Posted on 12/22/2006, 11:39:57 PM by Small-L
Washington, D.C. Citizens Against Government Waste (CAGW) today applauded a decision by incoming House and Senate Appropriations Committee Chairmen David Obey (D-Wis.) and Robert Byrd (D-W. Va.) to pass a continuing resolution (CR) for the remainder of fiscal 2007. The CR will keep most agencies running at fiscal 2006 funding levels and will stave off the estimated 10,000 earmarks costing approximately $17 billion in the nine unfinished appropriations bills. The duo also announced a “moratorium” on earmarks until budget reforms are passed.
“Today’s announcement is a huge victory for taxpayers,” CAGW President Tom Schatz said. “A CR pre-empts funding increases for bloated federal agencies and thousands of pork-barrel projects. However, Congress must pass earmark reforms during its ‘pork diet’ or it will gain back the weight it loses.’”

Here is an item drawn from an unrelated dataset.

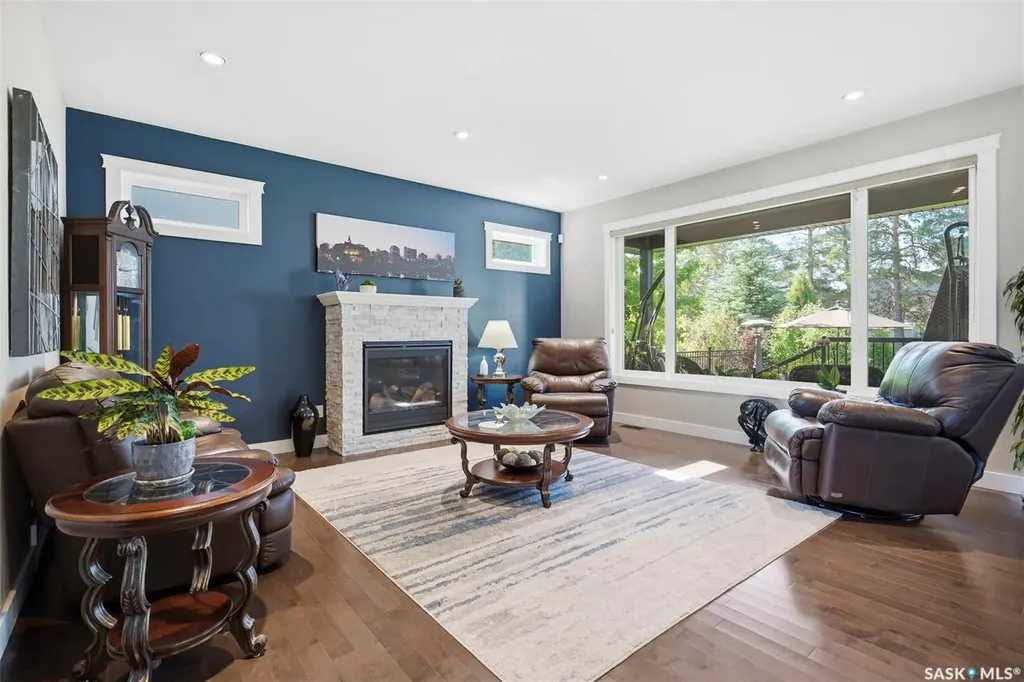 522 Atton Lane Saskatoon SK S7W 0K6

The 109th Congress passed only the Defense and Homeland Security Appropriations bills for fiscal 2007. Sens. Tom Coburn (R-Okla.), Jim DeMint (R-S.C.), and Jeff Sessions (R-Ala.) were instrumental in blocking an omnibus package containing the remaining appropriations bills. A continuing resolution is in effect until February 15, 2007. Today’s announcement means the Democratic-led 110th Congress will opt to extend the CR until the end of the year instead of belatedly passing the remaining appropriations bills.

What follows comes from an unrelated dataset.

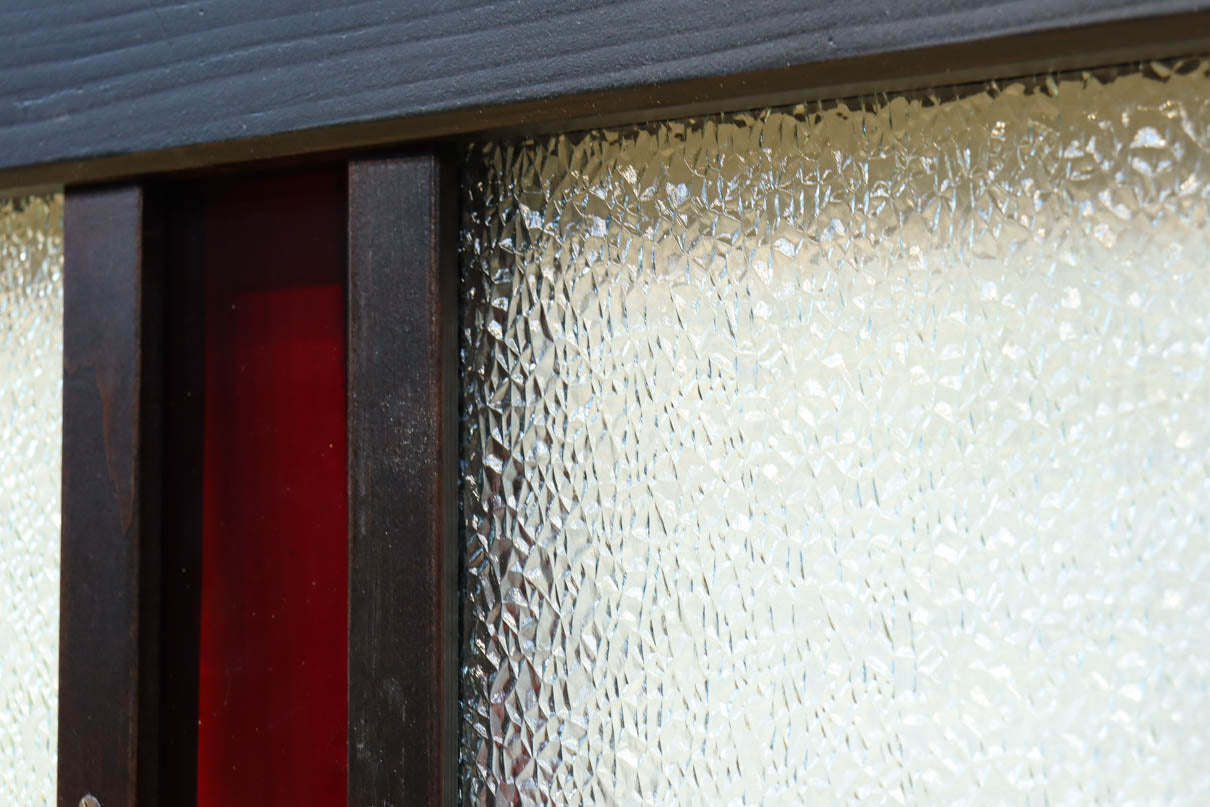 朱色の色ガラスが可愛らしい小型ガラス欄間 EZ2614 在庫1枚 – 古福庵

“Together with the promise to forgo next year’s congressional pay raise, Democrats are taking important steps toward changing business-as-usual in Washington,” Schatz continued.
Many of the projects left out of the budget for fiscal 2007 will likely be considered under the new budget rules for fiscal 2008; Democratic leadership has promised to make budget reform a top priority. Earmark reforms favored by CAGW include: Requiring disclosure of earmark sponsors and recipients; limiting the number of earmarks each member can request; prohibiting earmarks that have not been the subject of a congressional hearing; prohibiting earmarks from being “airdropped” into bills during conference negotiations; and making conference reports available 48 hours prior to floor consideration. These proposals are discussed in greater detail in CAGW’s report, All About Pork: The Abuse of Earmarks and the Needed Reforms. Pork-barrel spending has grown from 546 projects costing $3.1 billion in fiscal 1991 to 9,963 projects costing $29 billion in fiscal 2006, as documented CAGW’s annual Congressional Pig Book.

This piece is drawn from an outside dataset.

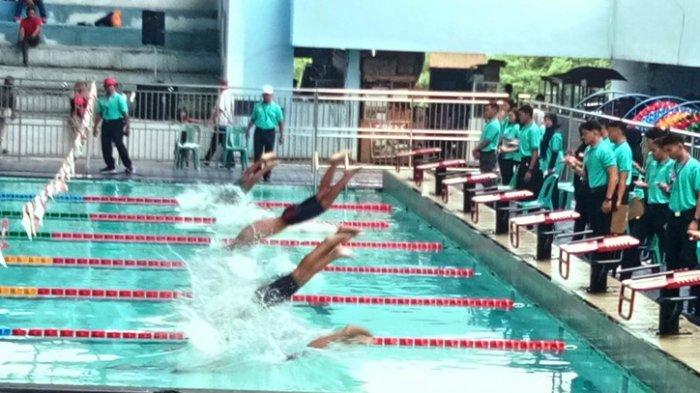Perenang cilik bersaing dalam lomba renang antar klub di kolam Pagora kecamatan kota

“An interesting test will be to see how the country endures under a CR. If the sky does not fall, if flat budgets make no difference in the lives of everyday citizens, it explodes the myth that congressional pork and spending increases are truly necessary,” Schatz concluded.
Two reforms will be implemented as quickly as possibe: 1) Increase Taxes and 2) Increase handouts to special interests
The republicans did a horrendously pathetic job managing the budget.
Then perhaps this President will learn to use his veto pen - if he can find it....
Filibuster
Veto Pen
I smell Hitlary and Bill
The Dimwits will tell us this and pretend to do while they are doing exactly the opposite.
Byrd, thy name is PORK! I'll believe it when I see it.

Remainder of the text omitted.